## INSTRUCTIONS TO FOLLOW
Give all of the data below again exactly, and drop the images.

——

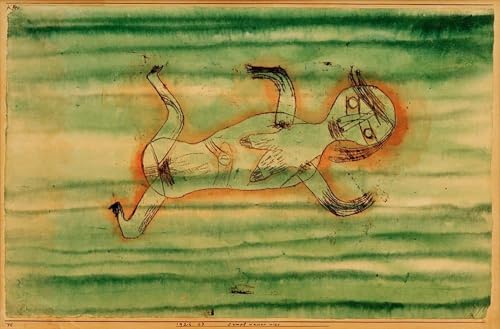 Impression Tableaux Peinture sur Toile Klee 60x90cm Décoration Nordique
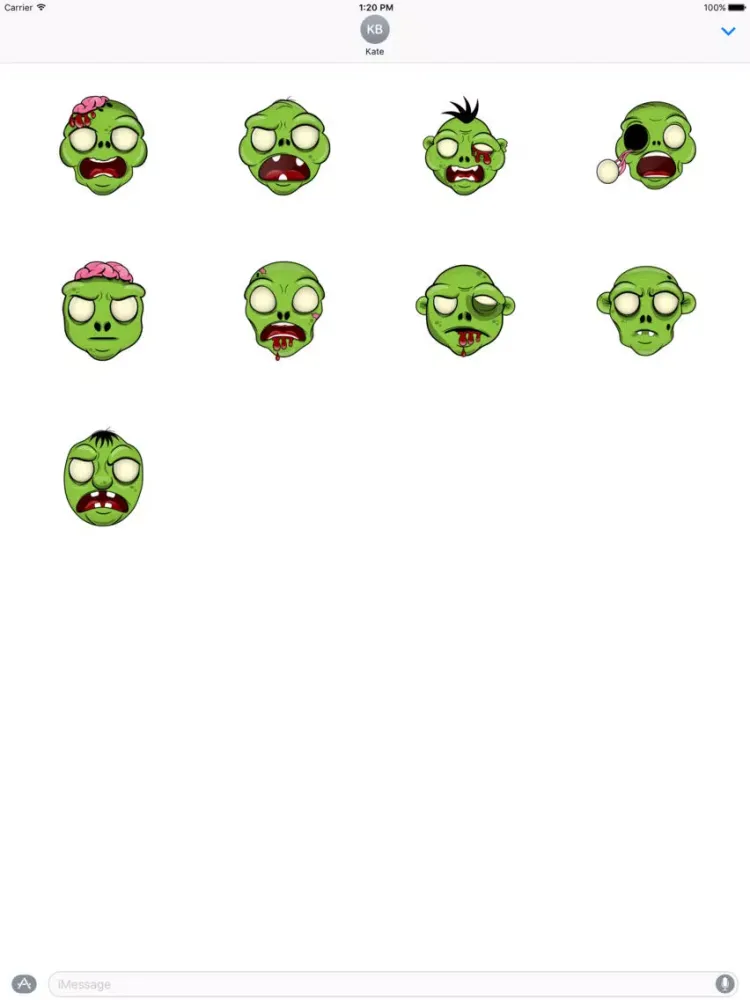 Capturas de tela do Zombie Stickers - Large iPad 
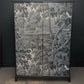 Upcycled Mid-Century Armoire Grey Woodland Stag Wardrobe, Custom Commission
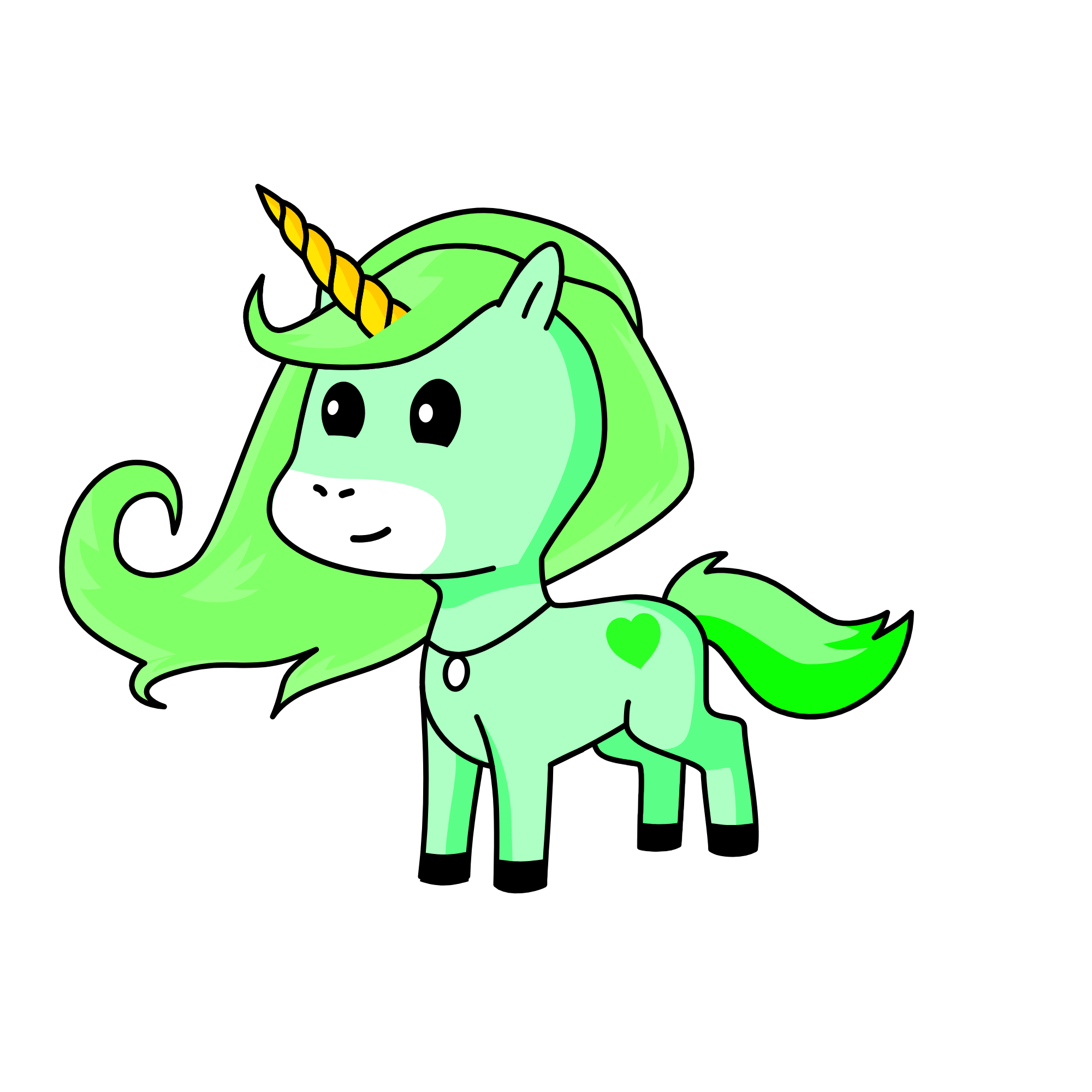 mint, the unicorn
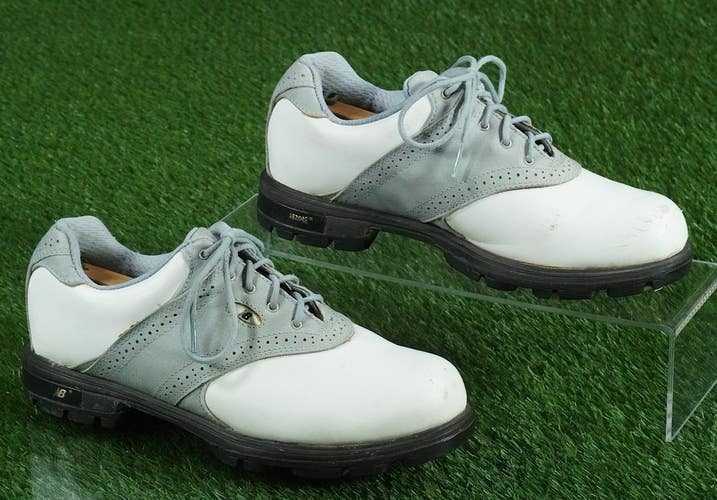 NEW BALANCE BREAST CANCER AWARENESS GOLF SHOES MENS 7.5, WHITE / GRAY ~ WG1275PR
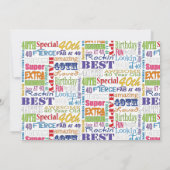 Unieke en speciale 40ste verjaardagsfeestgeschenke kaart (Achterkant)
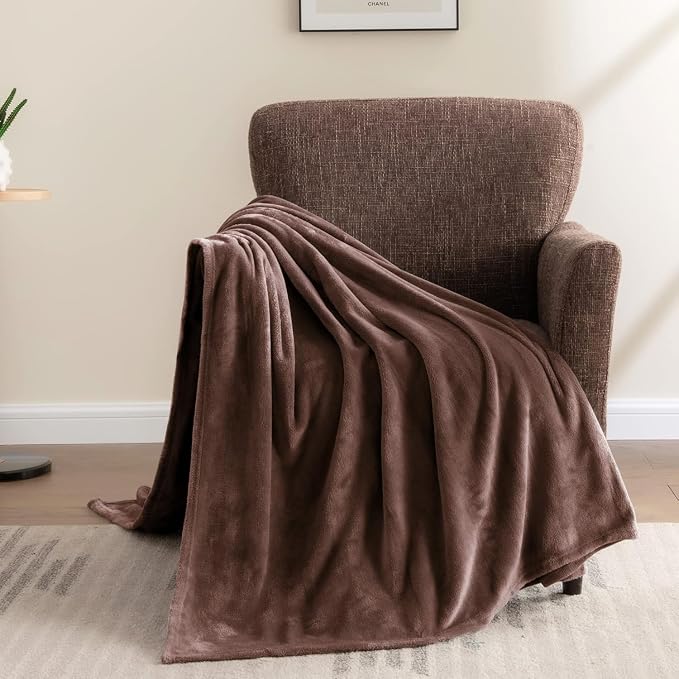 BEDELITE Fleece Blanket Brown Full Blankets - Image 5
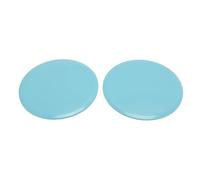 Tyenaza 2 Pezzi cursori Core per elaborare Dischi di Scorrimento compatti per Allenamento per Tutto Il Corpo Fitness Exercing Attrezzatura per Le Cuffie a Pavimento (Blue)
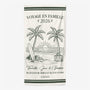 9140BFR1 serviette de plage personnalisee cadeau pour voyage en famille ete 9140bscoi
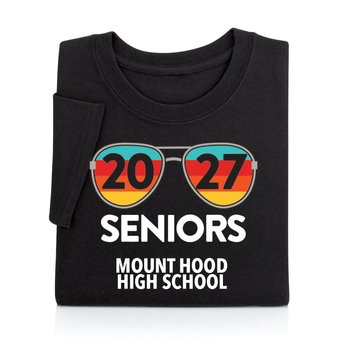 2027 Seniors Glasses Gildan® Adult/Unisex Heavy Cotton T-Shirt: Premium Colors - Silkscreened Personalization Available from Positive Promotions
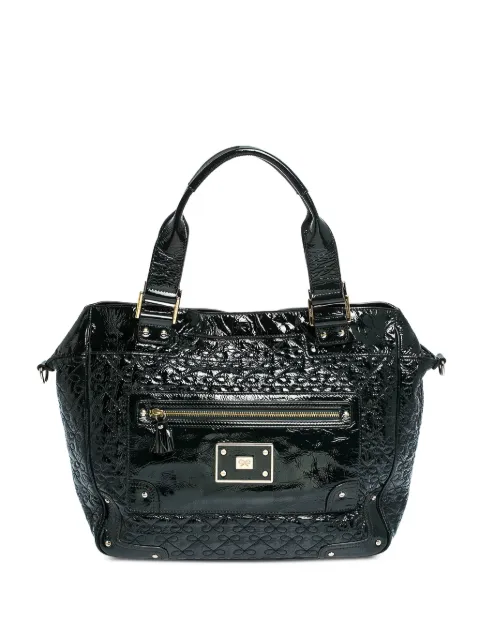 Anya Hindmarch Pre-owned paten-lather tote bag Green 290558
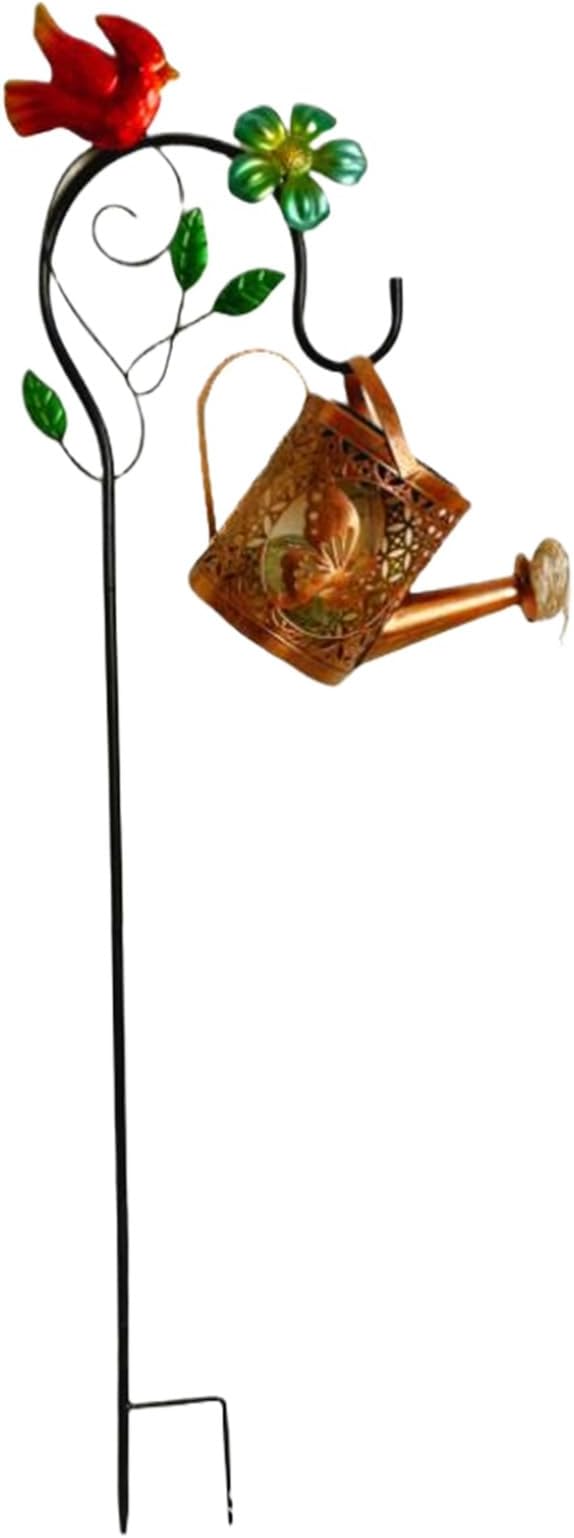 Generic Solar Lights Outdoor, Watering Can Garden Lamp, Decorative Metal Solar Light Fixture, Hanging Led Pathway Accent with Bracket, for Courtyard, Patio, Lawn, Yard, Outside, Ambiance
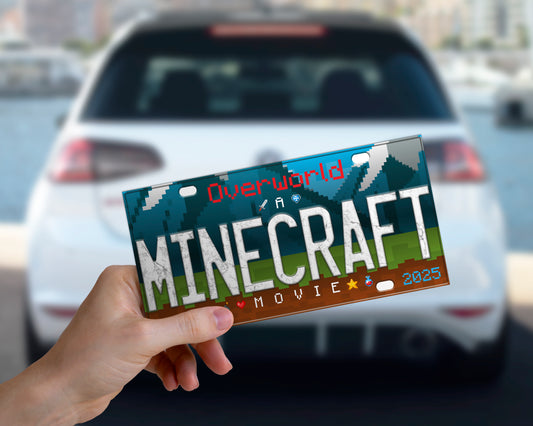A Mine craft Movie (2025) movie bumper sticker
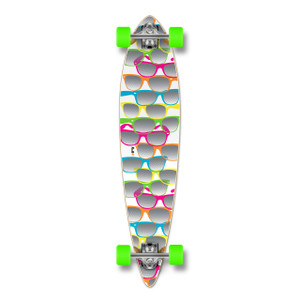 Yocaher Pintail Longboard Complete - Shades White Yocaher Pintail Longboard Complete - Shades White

——

## OUTPUT FOR THIS EXERCISE
 Impression Tableaux Peinture sur Toile Klee 60x90cm Décoration Nordique
 Capturas de tela do Zombie Stickers - Large iPad 
 Upcycled Mid-Century Armoire Grey Woodland Stag Wardrobe, Custom Commission
 mint, the unicorn
 NEW BALANCE BREAST CANCER AWARENESS GOLF SHOES MENS 7.5, WHITE / GRAY ~ WG1275PR
 Unieke en speciale 40ste verjaardagsfeestgeschenke kaart (Achterkant)
 BEDELITE Fleece Blanket Brown Full Blankets - Image 5
 Tyenaza 2 Pezzi cursori Core per elaborare Dischi di Scorrimento compatti per Allenamento per Tutto Il Corpo Fitness Exercing Attrezzatura per Le Cuffie a Pavimento (Blue)
 9140BFR1 serviette de plage personnalisee cadeau pour voyage en famille ete 9140bscoi
 2027 Seniors Glasses Gildan® Adult/Unisex Heavy Cotton T-Shirt: Premium Colors - Silkscreened Personalization Available from Positive Promotions
 Anya Hindmarch Pre-owned paten-lather tote bag Green 290558
 Generic Solar Lights Outdoor, Watering Can Garden Lamp, Decorative Metal Solar Light Fixture, Hanging Led Pathway Accent with Bracket, for Courtyard, Patio, Lawn, Yard, Outside, Ambiance
A Mine craft Movie (2025) movie bumper sticker
 Yocaher Pintail Longboard Complete - Shades White Yocaher Pintail Longboard Complete - Shades White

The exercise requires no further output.